The issue with your use of -replace though, is that it's a string operation, so even if it works, you're going to end up with the string representation of a boolean, not the actual bool, even though you said to use $true and $false directly (and this is again because of type conversion; -replace needs a string there, PowerShell converts your bool to string to satisfy it).
So, after that long-winded explanation, what makes sense then is this:
$params.in_stock = $_.'In stock?'
if ($params.in_stock -eq 0) {
$params.in_stock = $false
} elseif($params.in_stock -eq 1) {
$params.in_stock -eq $true
}
in fact, the elseif isn't necessary since you can only have 2 values:
$params.in_stock = $_.'In stock?'
if ($params.in_stock -eq 0) {
$params.in_stock = $false
} else {
$params.in_stock -eq $true
}
Even further though, we can use conversions to not need a conditional at all.
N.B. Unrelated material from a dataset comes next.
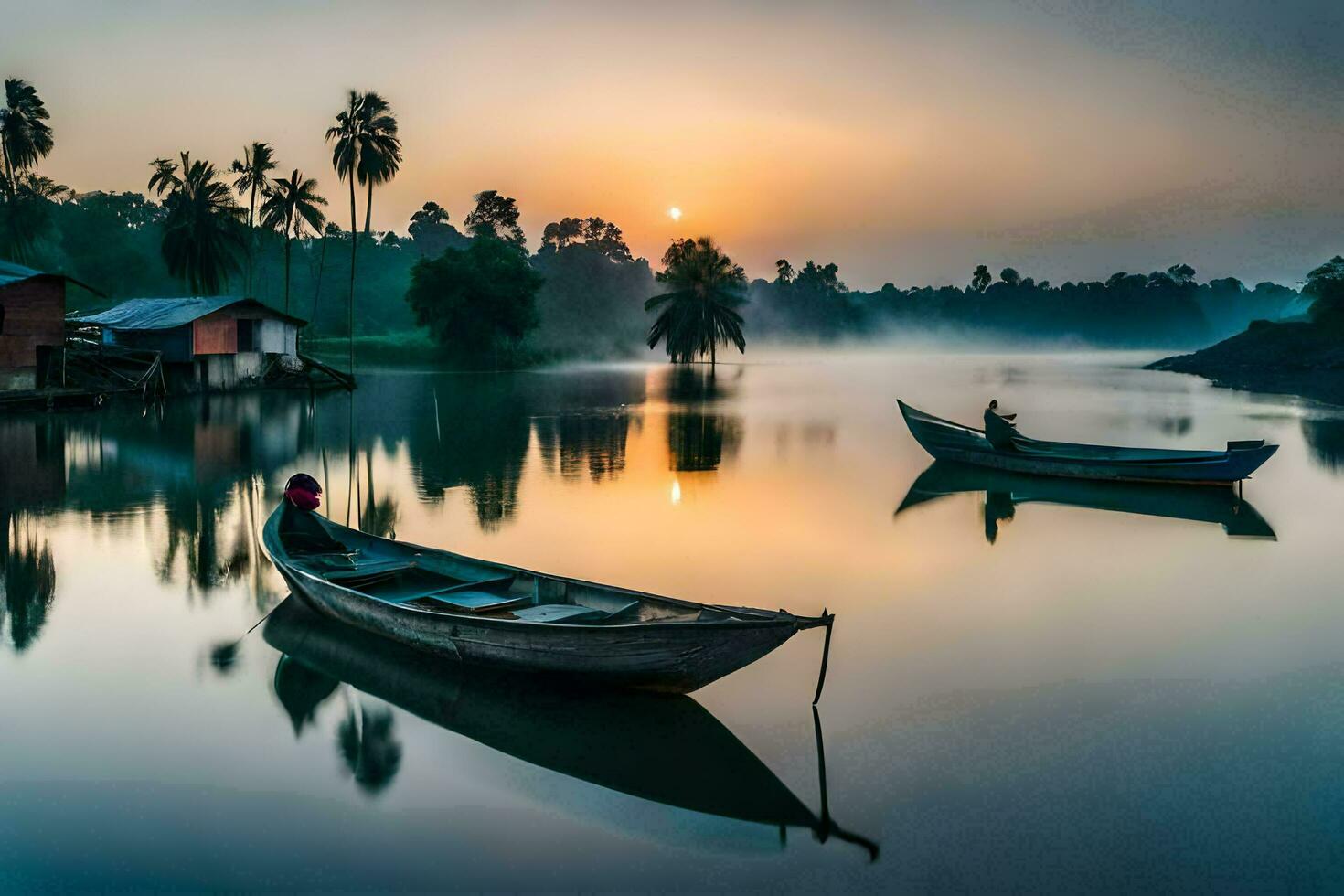 zwei Boote schwebend auf das Wasser beim Sonnenaufgang. KI-generiert foto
Remember what I said about converting strings to numbers, and numbers to bool.
0 -as [bool] # gives false
"0" -as [bool] # gives true (whoops)
"0" -as [int] # gives the number 0
"0" -as [int] -as [bool] # false!
Now, we can do this:
$params.in_stock = $_.'In stock?' -as [int] -as [bool]
cool! Let's put it back into the other code:
$params = #()
$csv = Import-Csv C:\test\test-upload.csv
$csv | Select-Object -Property Type, SKU, Name, 'Visibility in catalog',
'Tax status', 'In stock?', Stock, 'Backorders allowed?', 'Allow customer
reviews?', 'Regular price', Categories | ForEach-Object {
$params += #{ # new hashtable here
type = $_.type
SKU = $_.SKU
name = $_.name
catalog_visibility = $_.'Visibility in catalog'
categories = $_.Categories
regular_price = $_.'Regular price'
in_stock = $_.'In stock?' -as [int] -as [bool]
}
}
Deeper dive!
Piping: you're doing some calls like the Import-Csv call and assigning its output to a variable, then piping that variable into another command. That's fine, it's not wrong, but you could also just pipe the first command's output directly into the second like so:
$params = #()
Import-Csv C:\test\test-upload.csv |
Select-Object -Property Type, SKU, Name, 'Visibility in catalog',
'Tax status', 'In stock?', Stock, 'Backorders allowed?', 'Allow customer
reviews?', 'Regular price', Categories |
ForEach-Object {
$params += #{ # new hashtable here
type = $_.type
SKU = $_.SKU
name = $_.name
catalog_visibility = $_.'Visibility in catalog'
categories = $_.Categories
regular_price = $_.'Regular price'
in_stock = $_.'In stock?' -as [int] -as [bool]
}
}
I updated to formatting a little to show that you can use a line break after a pipe |, which can look a little cleaner.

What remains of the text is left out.